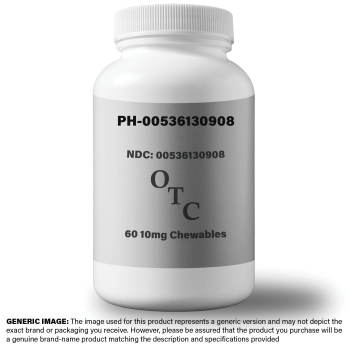 PHENYLEPHRINE GUAIFENESIN 10-400MG TAB WH OBL 60 TABLET CHEWABLES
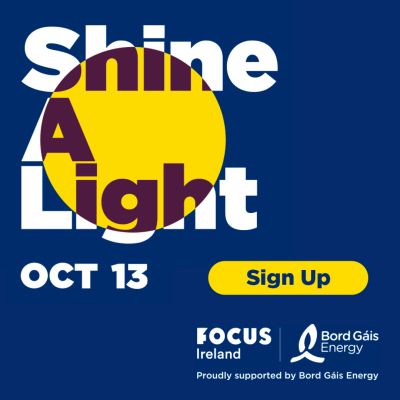 Focus Ireland Shine A Light 2023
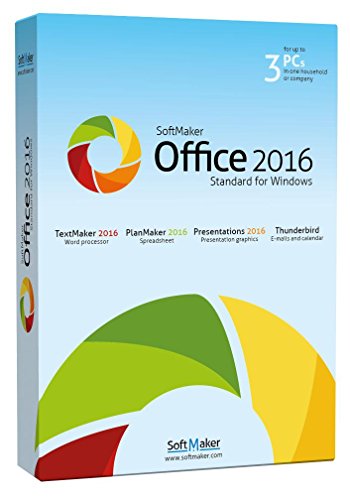 Price comparison product image SOFTMAKER OFW16STDXC OFFICE STANDARD 2016 New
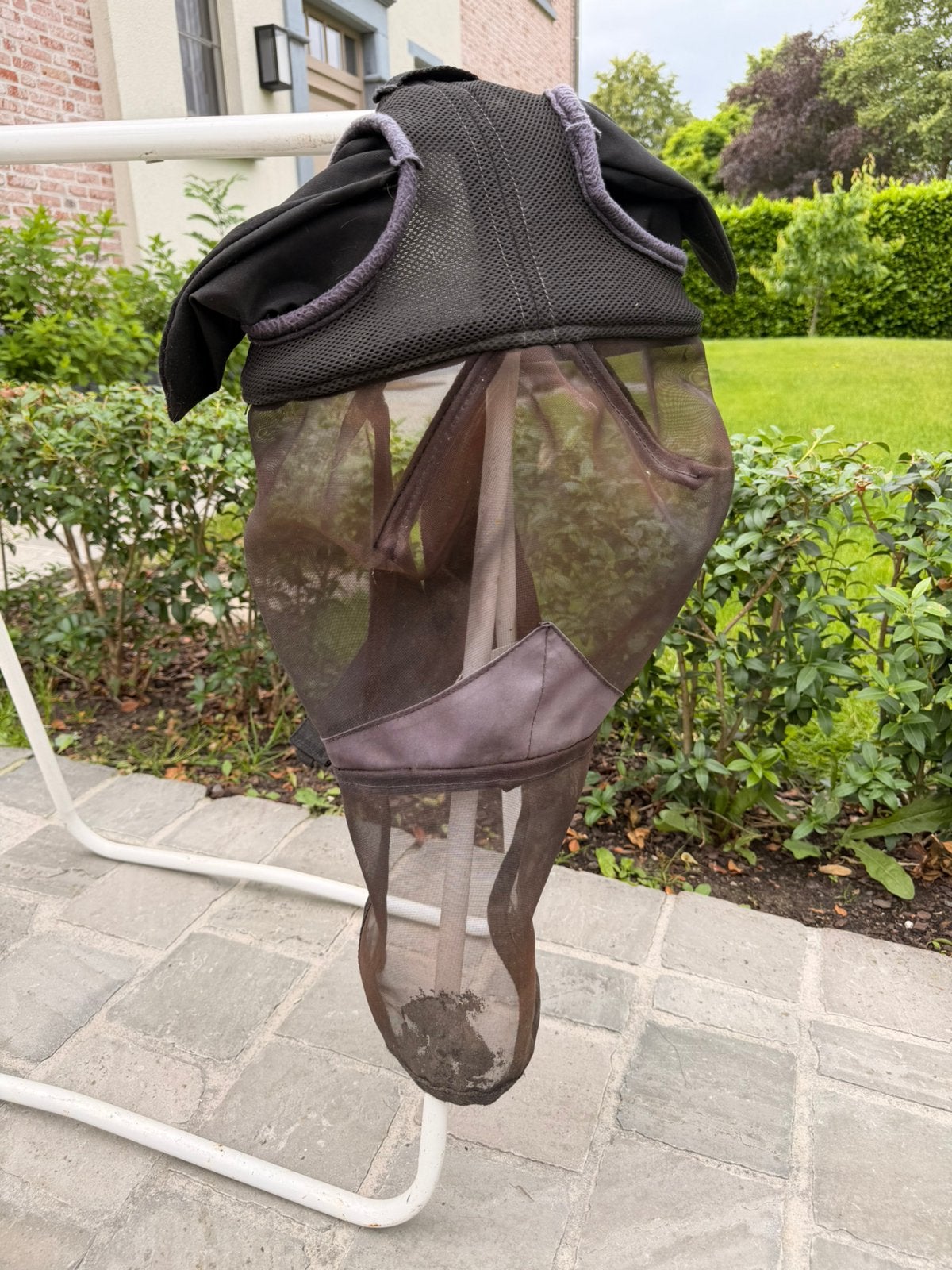 Vliegenmasker Harry’s Horse maat L, Ophalen, Zo goed als nieuw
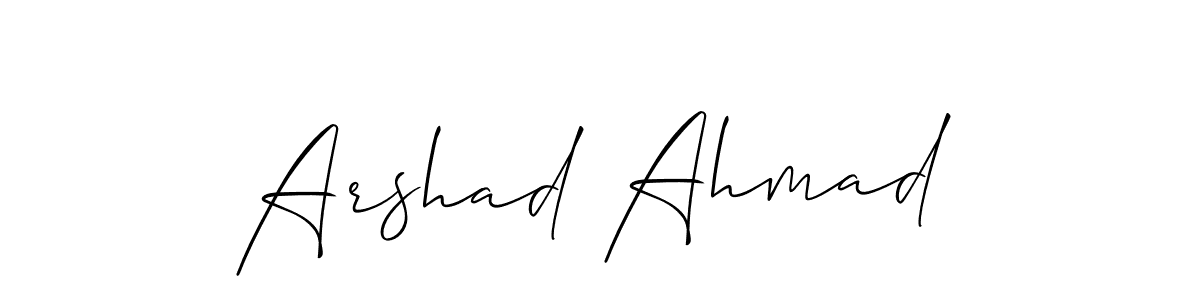 Once you've used our free online signature maker to create your best signature Allison_Script style, it's time to enjoy all of the benefits that Arshad Ahmad name signing documents. Arshad Ahmad signature style 2 images and pictures png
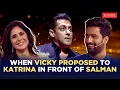 Download Lagu Salman Khan pretended to faint when Vicky Kaushal casually proposed to Katrina Kaif | SCREEN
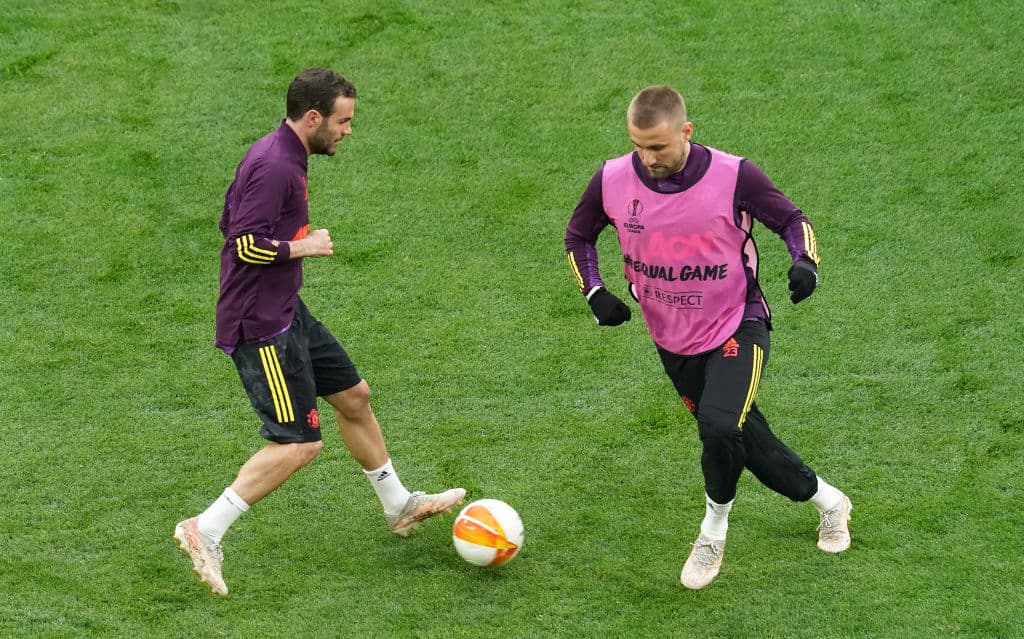 Los comandados por Ole Gunnar Solskjaer se mostraron listos para volver a disputar una final de la UEFA Europa League.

-------

● **Task objective**:
Please print the data above once more, exactly as it appears, with no pictures.

● **Result for this task**:
 PHENYLEPHRINE GUAIFENESIN 10-400MG TAB WH OBL 60 TABLET CHEWABLES
 Focus Ireland Shine A Light 2023
 Price comparison product image SOFTMAKER OFW16STDXC OFFICE STANDARD 2016 New
 Vliegenmasker Harry’s Horse maat L, Ophalen, Zo goed als nieuw
 Once you've used our free online signature maker to create your best signature Allison_Script style, it's time to enjoy all of the benefits that Arshad Ahmad name signing documents. Arshad Ahmad signature style 2 images and pictures png
 Download Lagu Salman Khan pretended to faint when Vicky Kaushal casually proposed to Katrina Kaif | SCREEN
 Los comandados por Ole Gunnar Solskjaer se mostraron listos para volver a disputar una final de la UEFA Europa League.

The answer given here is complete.